Here’s a brief summary of the DeepSeek-R1 model's performance benchmarks:
- Knowledge Benchmarks: Outperformed DeepSeek-V3 on benchmarks like MMLU, MMLU-PRo, and GPQA Diamond, demonstrating superior knowledge comprehension and reasoning.
- Long-Context-Dependent QA: Achieved excellent performance on the FRAMES benchmark, indicating strong ability to read documents and connect distantly related pieces of information.
- Factuality Benchmarks: Surpassed DeepSeek-V3 on SimpleQA, suggesting fewer hallucinations and better alignment between queries and learned knowledge. However, underperformed on the Chinese SimpleQA benchmark, likely due to the Safety RL training causing the model to reject certain queries. Without Safety RL, performance exceeds 70%.
- Instruction Following: Showed strong performance on IF-Eval, which evaluates how well the model follows format instructions. However, the reported score is lower than DeepSeek-V3, possibly due to a reporting error.
- Mathematical Problem Solving: Matched the performance of OpenAI-o1-1217 on math problem-solving tasks.
- Coding Benchmarks: Performed similarly to OpenAI-o1-1217 on coding benchmarks.
- Software Engineering Benchmarks: Slightly underperformed compared to OpenAI-o1-1217 on Aider-Polyglot but showed comparable performance on SWE verified.
These results highlight DeepSeek-R1's strengths in reasoning, knowledge comprehension, and instruction following, while also revealing areas for improvement, particularly in handling specific queries under safety constraints.
Distilled model benchmark
How did the 6 distilled models perform? Did they effectively inherit the capabilities of DeepSeek-R1 and excel at solving reasoning tasks?

- DeepSeek-R1-Distill-Qwen-7B, distilled solely from DeepSeek-R1's outputs, even surpasses GPT-4o-0513. This clearly demonstrates the stark difference between reasoning and non-reasoning models.

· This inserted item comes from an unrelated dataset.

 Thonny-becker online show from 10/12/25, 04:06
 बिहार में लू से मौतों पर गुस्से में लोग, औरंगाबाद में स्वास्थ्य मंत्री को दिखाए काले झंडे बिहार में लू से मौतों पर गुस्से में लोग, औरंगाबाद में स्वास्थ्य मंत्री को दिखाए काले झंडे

- DeepSeek-R1-Distill-Qwen-14B outperforms QwQ-32B-Preview.
- DeepSeek-R1-Distill-Qwen-32B and DeepSeek-R1-Distill-Llama-70B surpass o1-mini.

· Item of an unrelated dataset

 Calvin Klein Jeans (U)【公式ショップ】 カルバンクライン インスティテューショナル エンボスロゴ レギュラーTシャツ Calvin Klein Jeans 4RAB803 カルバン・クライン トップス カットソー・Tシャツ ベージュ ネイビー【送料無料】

- It is reported that additional RL training on these distilled models can further improve performance! (No results shown yet.)
Distillation vs RL
The power of the 800,000 reasoning training datasets created by DeepSeek-R1 is evident. So, which approach is better for reasoning training: using these 800k datasets for SFT or performing RL like DeepSeek-R1-Zero?

The above results compare the performance of DeepSeek-R1-Zero-Qwen-32B (a Qwen-32B model trained with RL) and DeepSeek-R1-Distill-Qwen-32B (a Qwen-32B model distilled using reasoning data generated by DeepSeek-R1). While RL training can achieve reasoning performance similar to QwQ-32B-Preview, it is less effective compared to distillation.
From this, we can draw the following two conclusions:
- Distilling a large model into a smaller one is highly effective and can even push performance beyond what can be achieved by large-scale RL training on smaller models.
- Conversely, while distillation is an economical and effective training strategy, the training of the large model required for distillation is ultimately indispensable.
Conclusion
Today, we explored the DeepSeek-R1 technical documentation to understand how reasoning capabilities can be imparted to LLMs. We observed that with simple RL rewards and effective training strategies, models can gradually learn "how to think." Personally, I found the fact that the chain-of-thought (CoT) process manifests in multiple languages (and even code!) to be a positive aspect. While it may seem like a drawback due to the lack of language constraints, it actually highlights that the model is focusing on the underlying reasoning process rather than the surface-level output language.
With DeepSeek-R1-Zero, DeepSeek-R1, and 6 distilled models being open-sourced, it will be fascinating to see how these reasoning models influence future trends in LLM research and development. Thank you for reading!